■ Work required:
Every line of the material is to be quoted verbatim, minus the pictures.

■ Data:
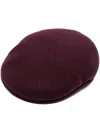 Kangol Logo-patch Flat-cap In Burgundy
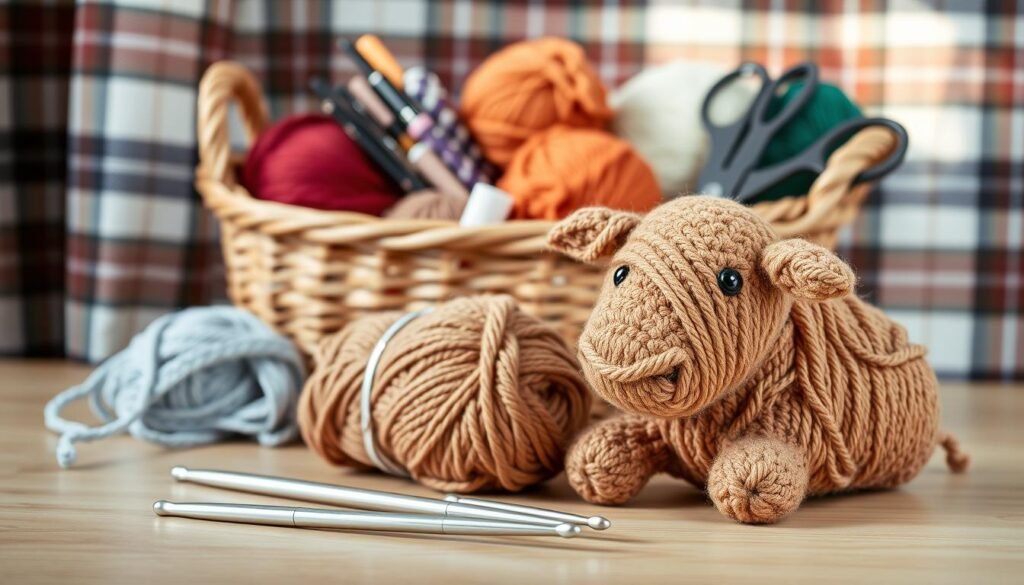 crochet supplies for highland cow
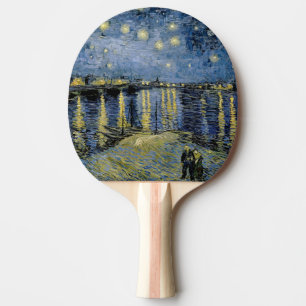 Raquete De Ping Pong Starry Night Vincent van Gogh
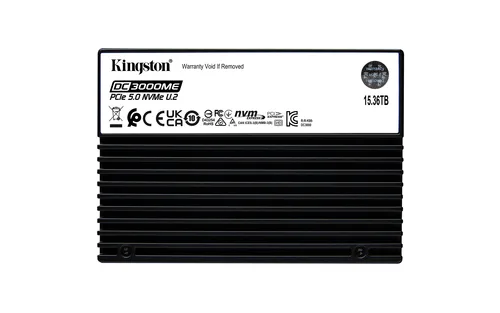 Kingston Technology 15.36TB DC3000ME U.2 PCIe 5.0 NVMe TCG Opal Enterprise SSD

■ Answer to this exercise:
 Kangol Logo-patch Flat-cap In Burgundy
 crochet supplies for highland cow
 Raquete De Ping Pong Starry Night Vincent van Gogh
 Kingston Technology 15.36TB DC3000ME U.2 PCIe 5.0 NVMe TCG Opal Enterprise SSD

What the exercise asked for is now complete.